Y además cabría pensar —con cierta dosis de ingenuidad— que en la concesión de crédito el Derecho impuso la lealtad como regla de conducta entre las partes. Prestamista y prestatario debían comportarse con corrección, como sujetos honrados y decirse todo a la cara con franqueza, sin engaños, sin abusos. El acreedor evitaría convertirse en usurero, y el deudor pagaría a tiempo íntegramente la deuda. Pero semejante confianza en el buen hacer de las partes no fue un valor eficiente en los mercados de Roma. La ley castigó con severidad al usurero que se aprovechaba de la falta de liquidez de quien solicitaba el préstamo, y pretendía cobrar intereses elevadísimos como precio de uso del dinero ajeno; y es que prestar dinero a interés era una actividad poco honorable, como cuenta Catón en el prefacio de su libro De la agricultura: “Nuestros antepasados así lo consideraron, y establecieron consecuentemente en las leyes que el ladrón fuera condenado al doble y el usurero al cuádruple”. Por no hablar de las protestas que los ciudadanos afectados por semejantes negocios podrían llevar a cabo durante tres días consecutivos ante el domicilio de quien se negaba a dar testimonio del negocio celebrado. Proferir gritos e insultos a la puerta de la casa del ciudadano no era en este caso excepcional una conducta delictiva, como sí lo era en todos los demás casos, en los que la ley protegía la casa como recinto inviolable por ser “el refugio sagrado” del ciudadano: quien lanzara conjuros o hiciera recitaciones mágicas a las puertas del domicilio de un conciudadano, cometía un delito grave.

Los abusos se combatieron con sucesivas leyes que fueron rebajando la tasa legal máxima de usura. Pero el prestamista exigía, además, a cambio de la concesión de crédito, garantías de cumplimiento al deudor; y entre dichas garantías la hipoteca fue, desde luego, una modalidad especialmente relevante; descubierta en Grecia y adoptada más tarde por los romanos, la bondad de semejante instrumento radica en la satisfacción simultánea de los intereses de ambas partes: el acreedor asegura el cobro de su crédito, y el deudor no se ve desposeído del bien hipotecado que ofrece como garantía del cumplimiento de su obligación.

Ya sabemos que, si el deudor no paga la deuda, será desposeído de la cosa hipotecada que pasa a ser propiedad del acreedor.
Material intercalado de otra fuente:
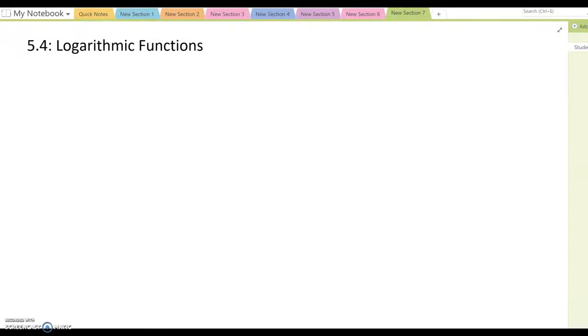Lesson 5.4: Logarithm Functions. Through lesson 5.3 we learned about exponential functions. If we know exponential functions really well, then we can understand logarithm functions easily as well, because logarithm and exponential functions are inverse functions of each other.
Pero el Derecho romano fue siempre sensible a la tutela de los intereses legítimos del deudor, la parte más débil, sin duda, en la relación obligatoria. El magistrado se ocupó y preocupó especialmente de semejante tutela: ante un caso de posible falta de liquidez y, por tanto, ante una previsible insolvencia del deudor en el momento en el que debía afrontar el pago de la deuda, el magistrado reconoció jurídicamente los acuerdos de aplazamiento de pago, y protegió el leal cumplimiento de los mismos. Así las cosas, ante un acreedor desleal que reclama judicialmente el pago de la deuda pendiente, después de haber estrechado la mano del deudor como símbolo del acuerdo de moratoria, el magistrado no duda en rechazar de plano semejante pretensión. Y además aprovecha la ocasión para explicar al acreedor demandante cuáles son los principios de la justicia: respete usted el acuerdo y espere a la nueva fecha de vencimiento. Sea honrado y franco, no actúe con malicia, y no abuse de la “debilidad” del deudor. ¡Bendito Derecho romano!

No me sorprende que el Tribunal de Justicia de la UE haga suyos estos postulados clásicos que sirvieron a la justicia material, y que también hoy han de servir a los jueces como criterios de justicia en la resolución de cada caso.

Amelia Castresana es catedrática de la Universidad de Salamanca.